Si à la fin de la saison, chaque « membre » de la tribu, après avoir demandé au sorcier de consulter la volonté de la divinité, avait disposé, en le bouffant, de tout le fruit de son travail, librement, ainsi que le veut Corbino, intégralement, comme l’enseignait Lassalle, ce n’est pas au bout d’une génération, mais après une année, que la tribu serait morte.
Mais venons-en à la société capitaliste, et admettons pour un instant que chacun y soit libre de disposer du fruit de son travail. Inutile de nous arrêter pour donner ici raison à Proudhon et à Lassalle : en effet, pour le prolétaire, il s’agit d’un fruit diminué de la plus-value, et pour le capitaliste, il s’agit d’un fruit augmenté des profits.
Nous en sommes à la formule qu’utiliserait Corbino : qu’il s’agisse de salaire, de traitement ou de dividende, chacun est libre, ou bien de tout consommer, ou bien d’en « épargner » une partie; et chacun est libre, soit de réaliser cette épargne sous forme de réserve pour sa consommation future (prévoyance), soit en vue de l’acquisition de moyens de production générateurs de profits (investissement). Que je doive parvenir à cette décision sur la base d’une somme de mille lires, et toi sur la base d’une somme de cent millions de lires, cela n’a aucune importance, à condition que chacun de nous sache que l’autre le fait en utilisant complètement cette liberté fondamentale.
Eh bien, cette liberté-là sera supprimée, non seulement au capitaliste (riche et cultivé grâce au travail d’autrui), mais aussi au travailleur lui-même. Corbino, vous avez raison.
Et Marx de se mettre patiemment à expliquer pourquoi « le fruit du travail » ne sera pas, dans le socialisme, dans « la société communiste », intégralement rendu au travailleur.

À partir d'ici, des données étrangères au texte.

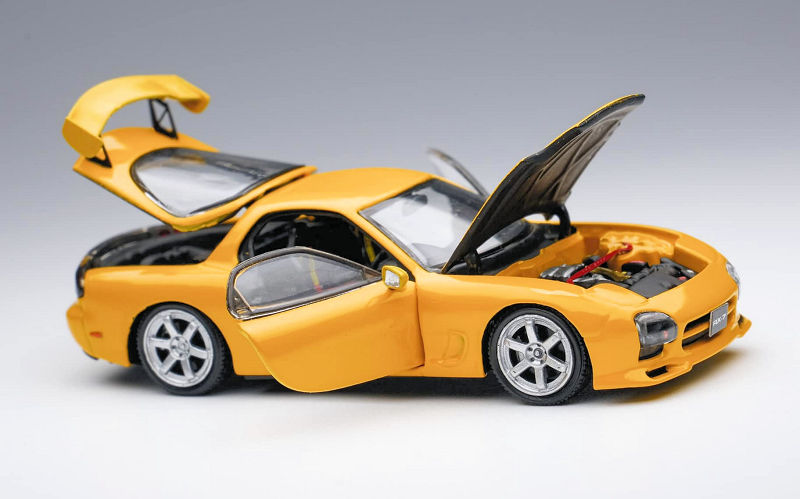 PGM Mazda RX7 FD3S • DiecastSociety.com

Revenons au concept de « travail vivant », opposé à celui de « travail mort », que nous avons rappelé dans d’autres textes en le tirant du « Manifeste », et que nous avons ravivé par de splendides citations extraites de toute l’œuvre de Marx. Ajoutons-y la formule de « travail à naître ». Le capitalisme est la forme actuelle dans laquelle un petit nombre de détenteurs de travail mort (capital constant) disposent, de par la force de la loi et du pouvoir politique, du travail vivant (capital variable), et donc fixent à leur gré ses conditions d’emploi en prélevant sur lui ce qu’ils jugent nécessaire afin « de conserver et d’accroître le travail mort » et « de s’assurer du travail à naître ».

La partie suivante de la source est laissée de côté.